Adrianna added, “Since five thousand two hundred eighty feet equal one mile, one-third of a mile is one thousand seven hundred sixty feet, so one-third of a mile is the least. Next is eighteen hundred feet, then two thousand two hundred twenty feet. But I’m not sure about ninety-five–hundredths of a mile or five thousand two hundred fifty feet because five thousand two hundred fifty is almost a mile, and so is ninety-five–hundredths.”
I said, “Yes, they are certainly very close,” and wrote 0.95 mile ≈ 5,250 feet on the board. Students were already familiar with the ≈ symbol for “about equal to.” I focused students’ attention on the least and greatest distances, 1⁄3 mile and 2 miles. I said, “I wonder what decisions these groups made that led to such different answers.” I asked students who were not in those groups to predict the others’ reasoning.
Tomas said, “I think they used different numbers of hours for the night.” But members of the two groups confirmed that they each used ten hours.
Kristen said, “I think they used a different walking rate.” I asked the groups to tell us their walking rates.
Lana, a member of Group A, said, “We used the wheel and we estimated that the circumference was nine inches and that it would take her fifteen seconds to go around once.”
Sochea, from Group B, said, “We made a wheel, but we said its circumference was eighteen inches and that it would take her five seconds to run around the wheel once.”
I asked the students, “How many times greater is two miles than one-third mile?”
Anton said, “It’s six times greater, since it takes six thirds to equal two.”
I asked, “How many times greater is Group B’s walking rate compared with Group A’s? Work with your group members to figure this out.”
After a few minutes, I called on Janie, who said, “I think it’s about six times bigger. I scaled up the ratio eighteen inches every five seconds to fifty-four inches every fifteen seconds.”
I wrote this on the board:
Janie continued, “So, in Group B’s solution, Miss Birmbaum is running six times faster.”
I said, “Where do you see ‘six times faster’ when you look at these rates? Let’s all take a moment and talk about that in our groups.”
After a few moments, I called on Jorge, who said, “Nine times six is fifty-four. So the rate for Group B is six times faster.”
I responded, “So that’s why Group B has an answer that is six times greater. Why do you think Janie scaled up the rate of eighteen inches per five seconds in order to compare the rates?”

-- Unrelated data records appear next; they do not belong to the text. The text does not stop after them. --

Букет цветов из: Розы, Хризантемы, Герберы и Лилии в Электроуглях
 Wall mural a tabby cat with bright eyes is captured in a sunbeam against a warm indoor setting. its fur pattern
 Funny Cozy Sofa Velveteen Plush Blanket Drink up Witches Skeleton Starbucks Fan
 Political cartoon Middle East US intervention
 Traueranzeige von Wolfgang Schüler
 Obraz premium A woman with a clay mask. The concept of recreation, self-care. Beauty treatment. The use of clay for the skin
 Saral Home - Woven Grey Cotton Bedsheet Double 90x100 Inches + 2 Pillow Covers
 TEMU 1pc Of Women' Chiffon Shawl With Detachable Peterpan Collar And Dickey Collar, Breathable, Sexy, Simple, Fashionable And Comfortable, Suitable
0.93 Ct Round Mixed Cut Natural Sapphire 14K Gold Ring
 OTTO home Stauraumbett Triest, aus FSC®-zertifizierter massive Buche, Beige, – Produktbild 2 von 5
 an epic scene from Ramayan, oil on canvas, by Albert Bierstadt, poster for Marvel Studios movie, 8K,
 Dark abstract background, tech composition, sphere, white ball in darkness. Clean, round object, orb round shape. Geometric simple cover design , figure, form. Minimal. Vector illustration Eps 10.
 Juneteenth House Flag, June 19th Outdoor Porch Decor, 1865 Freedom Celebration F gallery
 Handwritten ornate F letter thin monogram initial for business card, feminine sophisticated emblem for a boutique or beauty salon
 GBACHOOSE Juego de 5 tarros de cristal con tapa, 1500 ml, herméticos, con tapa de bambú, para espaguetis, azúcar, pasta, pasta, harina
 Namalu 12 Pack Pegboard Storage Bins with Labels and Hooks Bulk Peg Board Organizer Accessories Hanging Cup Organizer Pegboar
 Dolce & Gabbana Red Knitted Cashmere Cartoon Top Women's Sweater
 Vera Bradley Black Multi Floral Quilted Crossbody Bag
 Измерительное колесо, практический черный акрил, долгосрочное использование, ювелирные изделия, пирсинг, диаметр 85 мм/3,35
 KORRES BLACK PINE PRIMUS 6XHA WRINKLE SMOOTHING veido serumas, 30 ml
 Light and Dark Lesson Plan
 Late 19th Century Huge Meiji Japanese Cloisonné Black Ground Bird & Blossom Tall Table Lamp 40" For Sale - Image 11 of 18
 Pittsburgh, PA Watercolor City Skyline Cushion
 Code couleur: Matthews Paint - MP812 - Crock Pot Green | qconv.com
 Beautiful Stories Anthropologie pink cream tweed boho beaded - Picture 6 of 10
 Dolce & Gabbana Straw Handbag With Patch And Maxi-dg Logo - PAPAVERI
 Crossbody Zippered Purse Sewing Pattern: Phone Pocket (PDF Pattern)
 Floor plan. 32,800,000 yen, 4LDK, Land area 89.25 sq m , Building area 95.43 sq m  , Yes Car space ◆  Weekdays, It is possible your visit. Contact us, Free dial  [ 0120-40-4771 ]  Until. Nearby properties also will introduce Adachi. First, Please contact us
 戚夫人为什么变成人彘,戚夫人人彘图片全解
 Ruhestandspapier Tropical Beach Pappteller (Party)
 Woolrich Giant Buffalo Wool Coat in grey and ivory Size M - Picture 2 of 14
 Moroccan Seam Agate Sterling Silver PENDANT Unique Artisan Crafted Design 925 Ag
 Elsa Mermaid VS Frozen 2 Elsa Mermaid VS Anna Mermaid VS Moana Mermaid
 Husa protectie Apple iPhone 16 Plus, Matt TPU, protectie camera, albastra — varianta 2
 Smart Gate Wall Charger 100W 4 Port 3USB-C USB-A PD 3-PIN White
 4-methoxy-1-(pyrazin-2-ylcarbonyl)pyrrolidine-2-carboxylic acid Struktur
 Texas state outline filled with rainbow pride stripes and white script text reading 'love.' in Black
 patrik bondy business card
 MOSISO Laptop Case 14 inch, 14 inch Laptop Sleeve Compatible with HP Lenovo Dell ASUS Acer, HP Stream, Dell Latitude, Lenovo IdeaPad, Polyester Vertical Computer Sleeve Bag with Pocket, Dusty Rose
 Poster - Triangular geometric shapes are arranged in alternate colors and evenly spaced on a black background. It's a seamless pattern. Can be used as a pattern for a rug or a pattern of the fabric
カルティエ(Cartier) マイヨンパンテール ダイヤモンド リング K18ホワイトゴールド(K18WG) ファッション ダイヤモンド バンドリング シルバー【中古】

Mandy said, “It’s easier to compare when the time is the same. That way you can see how much farther Group B thinks she runs in the same amount of time.”
We concluded the lesson by summarizing that we had many different methods and answers. Students were comfortable applying their understanding of ratios to an open-ended problem for which there were many decisions to be made. The variety of answers to the problem provided additional opportunities to make sense of and use ratios to compare and justify the differences in groups’ data and results.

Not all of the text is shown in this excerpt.